JERUSALEM (Reuters) - Companies operating in both Israel and Egypt will buy a 39 percent stake in the EMG pipeline to enable a landmark $15 billion natural gas export deal to begin next year, the partners said on Thursday.
The $518 million purchase by Israel’s Delek Drilling (DEDRp.TA), Texas-based Noble Energy (NBL.N) and the Egyptian East Gas Co will enable the supply of 64 billion cubic meters of gas over 10 years from Israel’s offshore Tamar and Leviathan fields to Egypt as part of the export deal signed in February.
“The partnership intends to act to close the transaction and begin piping natural gas from Israel to Egypt as early as the beginning of 2019,” Delek said in a statement.
Delek and Noble, which are partners in the Israeli gas fields, will each pay $185 million while the Egyptian East Gas Co will pay $148 million.
This comes against the backdrop of Egypt’s efforts to liberalise its gas market and open it up to trading by private companies.
“The ministry welcomes this new step by the private companies responsible for the commercial project’s implementation,” Ministry of Petroleum spokesman Hamdi Abdelaziz said in a statement.
The spokesman added that the ministry is ready to consider permit requests from the private sector to help Egypt become a regional hub for gas trading.
To buy into EMG, which owns a 90 km subsea pipeline between Ashkelon in Israel and El-Arish in Egypt, the three partners formed a joint company called EMED.
Egyptian East Gas also owns a pipeline between El-Arish and Aqaba, Jordan, which the EMED companies said could be used to transport additional gas supplies in the future.
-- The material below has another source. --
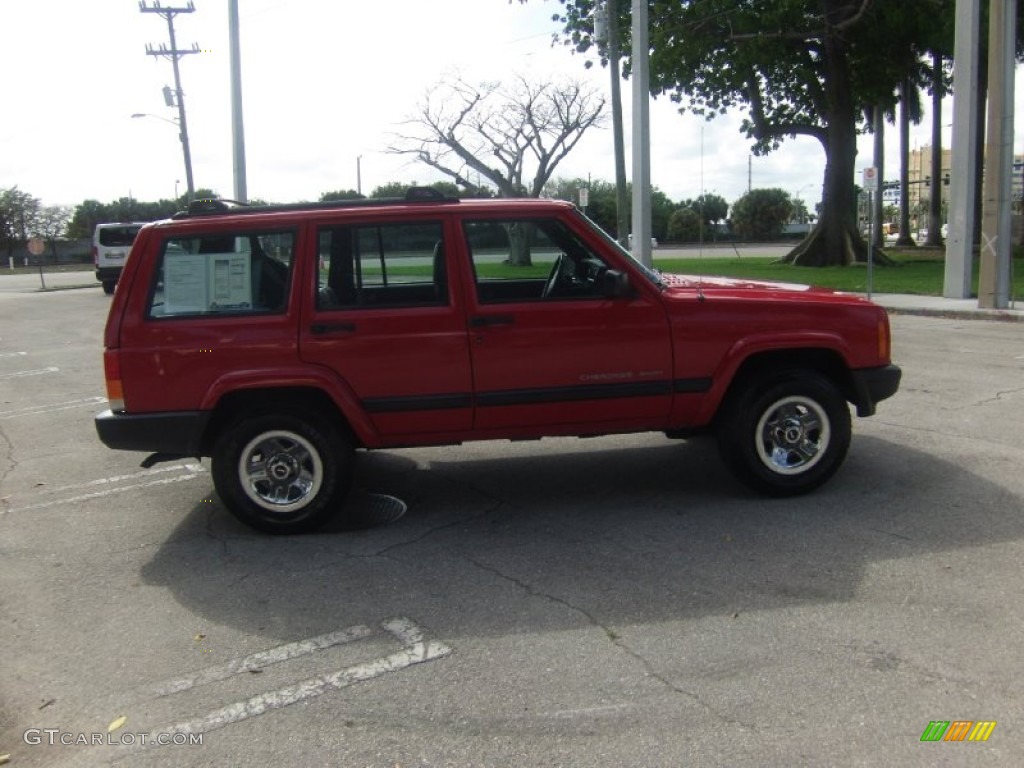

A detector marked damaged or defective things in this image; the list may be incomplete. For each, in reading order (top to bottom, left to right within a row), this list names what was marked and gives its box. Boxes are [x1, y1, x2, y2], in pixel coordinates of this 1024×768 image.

“This is a historic transaction, that renders Egypt a regional energy centre and positions it in line with significant global energy centers,” said Delek CEO Yossi Abu.
Shares in Delek Drilling were up 3.6 percent at midday.
The EMG pipeline originally carried gas supplies in the other direction, when Israel was buying gas from Egypt. That deal collapsed in 2012 after militants in Egypt’s Sinai peninsula carried out repeated attacks on the pipeline and EMG sued the Egyptian government for damages.
The pipeline again became an export option after the Tamar and Leviathan discoveries. Tamar began production in 2013 and Leviathan is due to come online in late 2019.
Under the new deal, EMG agreed to end arbitration with Egypt and drop claims against Cairo, Delek said.
At the start-up of the Leviathan field, Noble said it expects to sell at least 350 million cubic feet of natural gas per day to Egyptian customers.
Other shareholders in EMG are Thai energy company PTT (PTT.BK), state-owned Egyptian company EGPC and investment group MGPC. Egyptian East Gas holds a stake on its own.
Delek and Noble have also signed deals to export gas to Jordan.